Apple MPP specifically
Roughly 35 to 45 percent of B2B recipients use Apple Mail (iPhone, iPad, macOS). Apple MPP fetches every embedded image and pixel regardless of human interaction. This means roughly half your "opens" are synthetic. Cold-email tools that report "Apple-segmented open rate" partially correct for this, but the correction is rough - assume true human-open rate is 60-70 percent of what your dashboard shows.
“Open rate in 2026 is a smoke alarm. Useful for catching a fire (placement collapse) but not for measuring temperature (campaign performance). Use reply rate for the latter.”
What does NOT show up in open rate
Placement quality. A 50% reported open rate could mean the message landed in the Promotions tab and recipients skimmed the subject line, or it could mean Primary inbox with deep reads - the open-rate number cannot distinguish. Only seed-list testing shows which folder the message actually landed in. Inboxlee runs daily seed tests per mailbox so you can pair open-rate data with real placement data.
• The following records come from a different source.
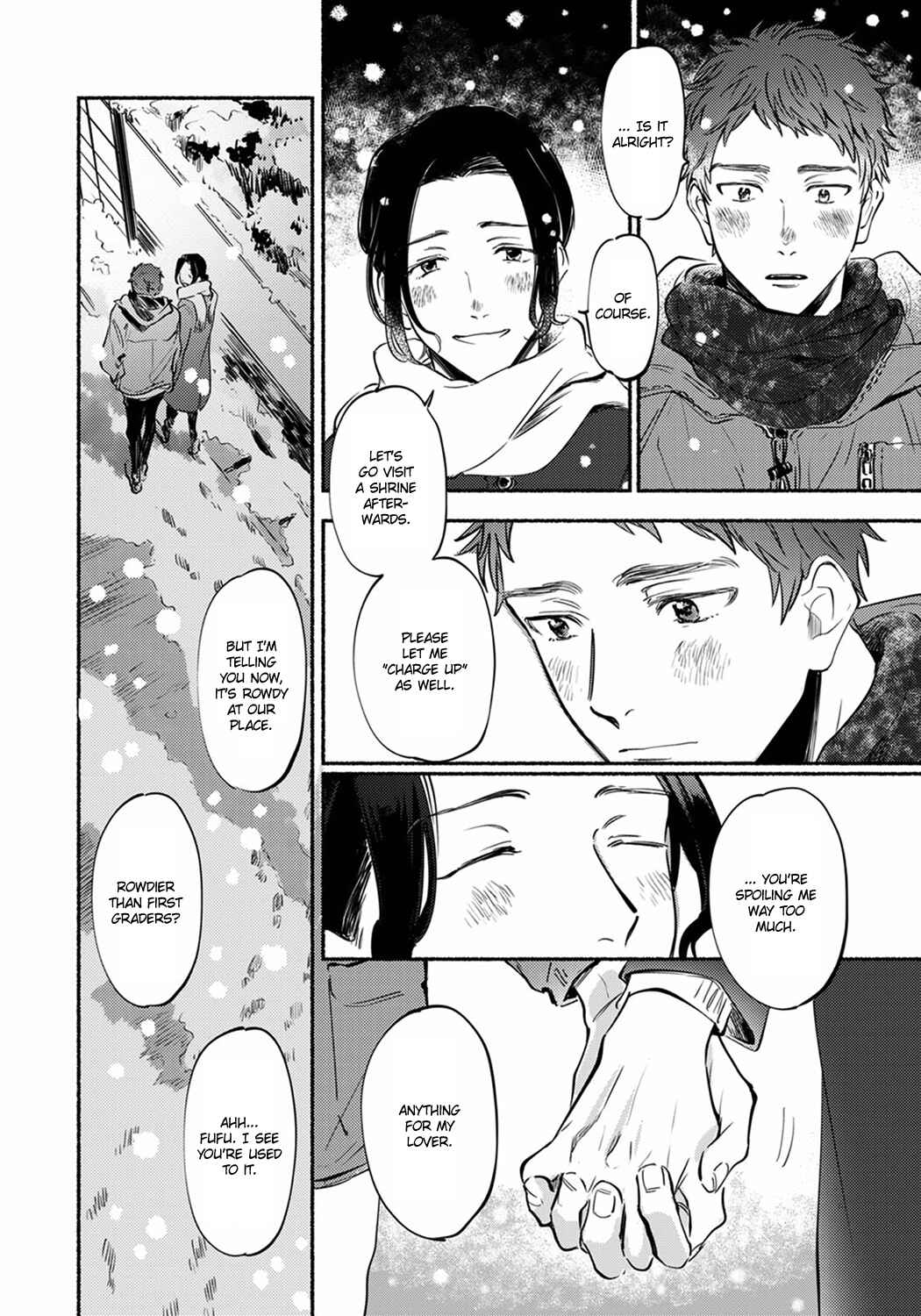 Page 14 Chapter 6.5 Sensei no Sensei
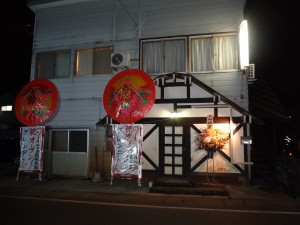 DSC01632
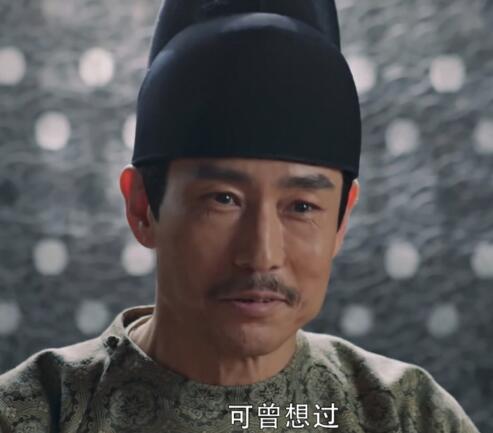 长歌行杜如晦结局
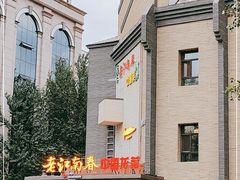 -老江南春·中国龙菜(衡山路店)
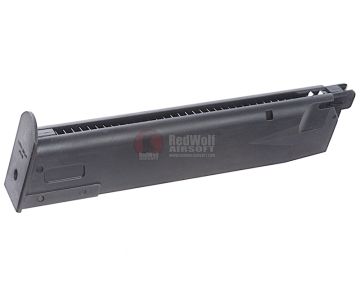 Tokyo Marui P226 Green Gas Magazine (37 rounds) 1
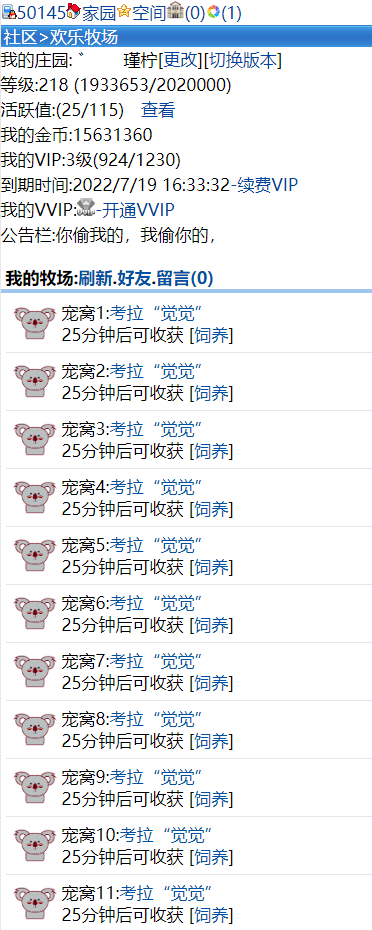 我的考拉，觉觉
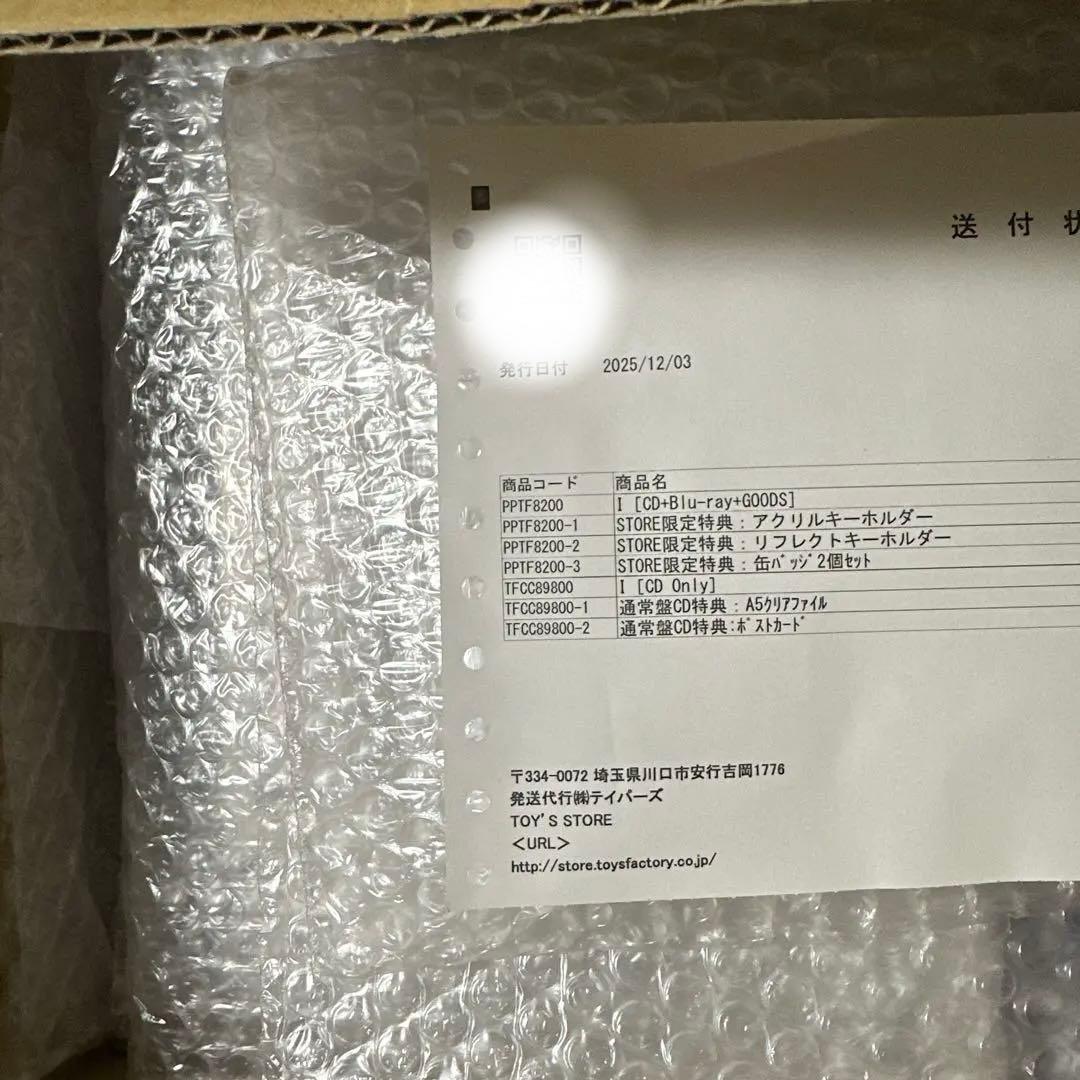 I［CD+Blu-ray+GOODS］➕通常盤CD 二つともシリアルナンバー有り I［CD+Blu-ray+GOODS］➕通常盤CD 二つともシリアルナンバー有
Reported open rate is the headline metric most cold-email tools surface. Inboxlee surfaces placement (which folder the mail actually landed in on a controlled seed list) so you can interpret the open-rate number with the placement context. Two metrics, one dashboard.
See placement monitoringFrequently asked
What is a good cold email open rate in 2026?
On clean infrastructure with a well-targeted list, median reported open rate sits at 38 to 48 percent. 25th percentile near 26 percent; 75th percentile near 58 percent. Important caveat: these numbers all include pixel-prefetch inflation from Apple MPP and similar systems. True human-open rate is roughly 60-70 percent of the reported figure.
Is open rate still a useful metric for cold email after Apple MPP?
As a directional check, yes. As a headline metric, no. Use it to detect placement collapse (below 20% reported = infrastructure broken) but not for campaign performance comparison. Reply rate is the metric to optimise for since it cannot be faked by prefetching - a reply requires a human reading and writing back.
How much does Apple Mail Privacy Protection inflate cold-email open rates?
Apple MPP fetches every embedded image and pixel regardless of human interaction, so for any recipient using Apple Mail (iPhone, iPad, macOS) the "open" registers even if the human never saw the message. Roughly 35 to 45 percent of B2B recipients use Apple Mail; the inflation is proportional. Assume true human-open rate is 60-70 percent of the reported figure.
What does it mean if my cold email open rate drops suddenly?
Almost always an infrastructure regression - check SPF, DKIM, DMARC, MX with dig before iterating on copy. A sudden drop below baseline usually means placement has moved from Primary inbox to Promotions or spam. Run a seed-list placement test to confirm. If placement is still healthy and open rate dropped, the cause may be a copy or list-quality issue.
Should I track open rate or reply rate as the headline cold-email metric?
Reply rate. Reply requires a human reading and writing back - it cannot be faked by pixel prefetching. Use open rate as a directional check ("is anyone seeing this at all?") and reply rate as the actual conversion metric. Most senior cold-email operators have stopped publishing open-rate-as-headline in 2025-2026 because the number is no longer comparable across senders.